The reason I’m not rich is that my dad sold the company in 1960 to a company called Chemsol, which in turn sold it to Wilson Harrell, who sold it to Clorox in the mid-60s. While my dad walked away with a decent chunk of change (allowing us to move to California), it was by no means life-changing money. When I asked him about it in later years, he told me that it looked like a big score at the time and he was getting too old for the Michigan winters.
I mention all this because of the way the Clorox website tells the 409 story:
“Formula 409 didn’t get its name from the area code where it was developed. And it’s not the birth date of the creator’s daughter. Formula 409 got its name from perseverance. From the desire of two young scientists in Detroit to create the ultimate cleaner. A cleaner powerful enough to dissolve through grease and dirt on contact.
“A cleaner like that doesn’t get created on the first try. And in the eyes of these two persistent scientists, it doesn’t get created on the 101st, 201st, 301st or 401st try either. Only when they had created their 409th formula were these two young men satisfied they had created the ultimate cleaner.”
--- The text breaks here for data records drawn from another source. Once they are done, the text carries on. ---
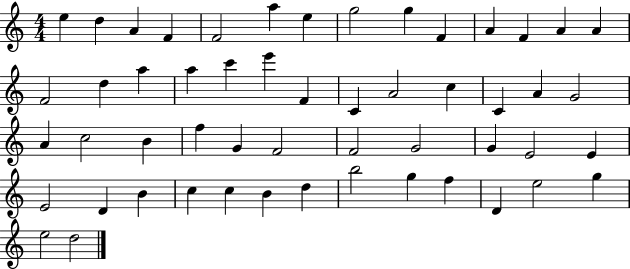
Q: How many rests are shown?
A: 0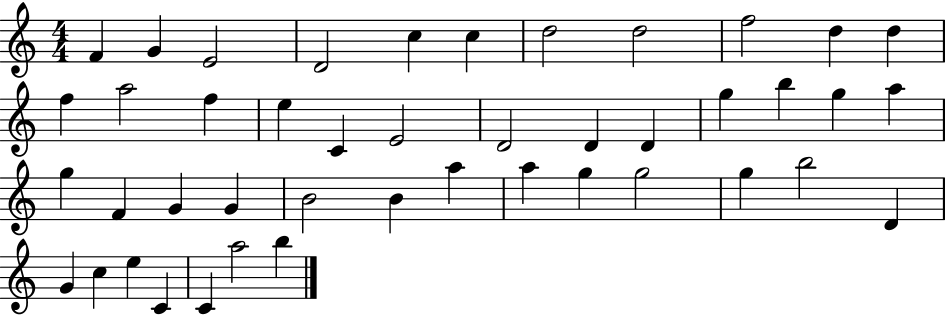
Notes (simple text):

F4/q G4/q E4/h D4/h C5/q C5/q D5/h D5/h F5/h D5/q D5/q F5/q A5/h F5/q E5/q C4/q E4/h D4/h D4/q D4/q G5/q B5/q G5/q A5/q G5/q F4/q G4/q G4/q B4/h B4/q A5/q A5/q G5/q G5/h G5/q B5/h D4/q G4/q C5/q E5/q C4/q C4/q A5/h B5/q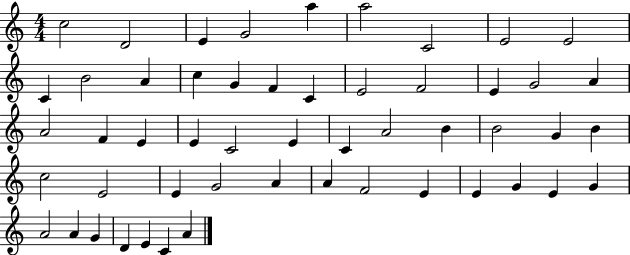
X:1
T:Untitled
M:4/4
L:1/4
K:C
c2 D2 E G2 a a2 C2 E2 E2 C B2 A c G F C E2 F2 E G2 A A2 F E E C2 E C A2 B B2 G B c2 E2 E G2 A A F2 E E G E G A2 A G D E C A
A nice yarn. Except it’s pure marketing bullshit. The only part they got right is the Detroit reference. Formula 409 got its name because my mother Ruth was born on April 9. As in 4/09. That’s the truth, as Lily Tomlin used to say. The Clorox folks weren’t there. I was.
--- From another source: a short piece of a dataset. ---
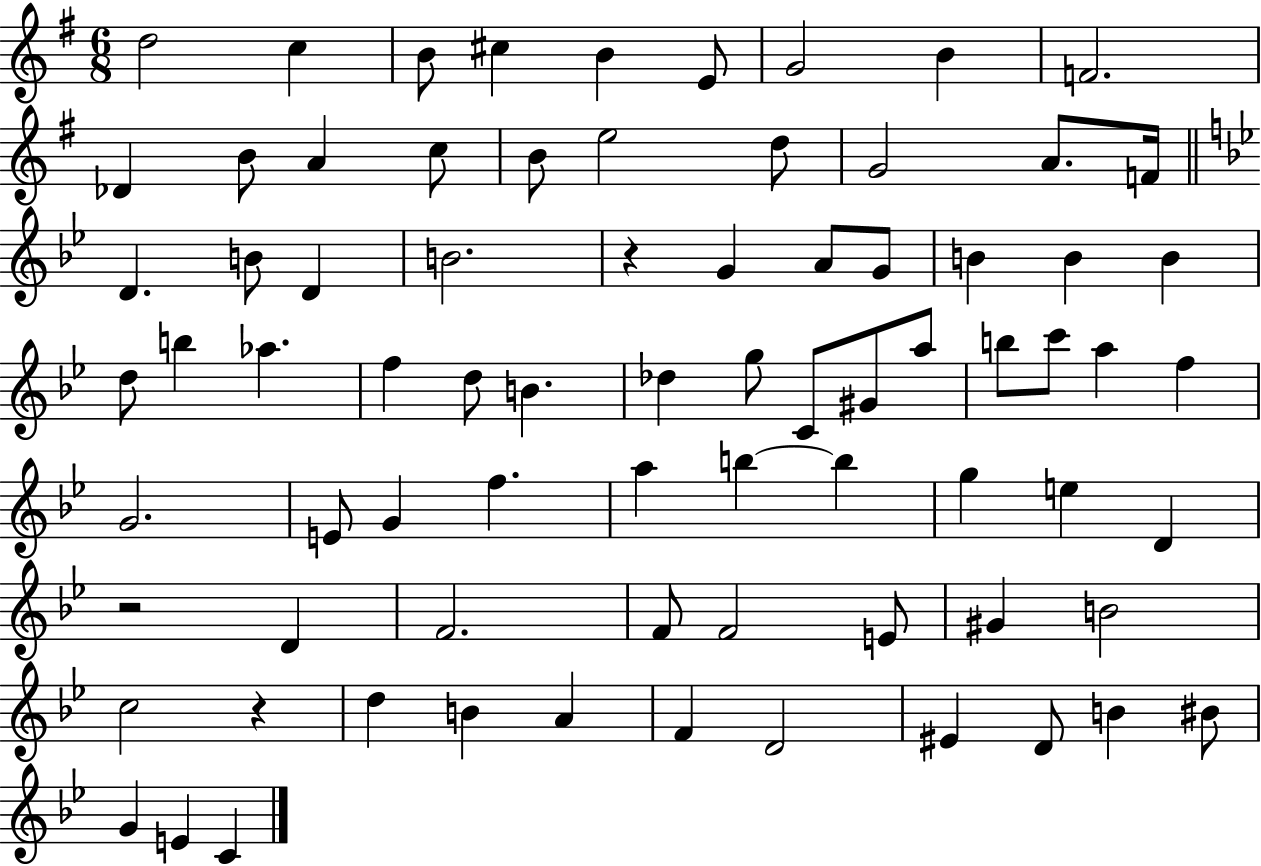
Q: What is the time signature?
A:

Yet, when I try to fix the entry on Wikipedia, someone keeps changing it back. And they use the Clorox website as proof.
I give up. The myth has officially become reality. History is written by the winners; in this case, a multinational corporation gets the final word. Let that be an object lesson for all of us. I’m pretty sure that everything we see, hear and read is wrong.
It’s going to take more than a cleaning product to set the record straight.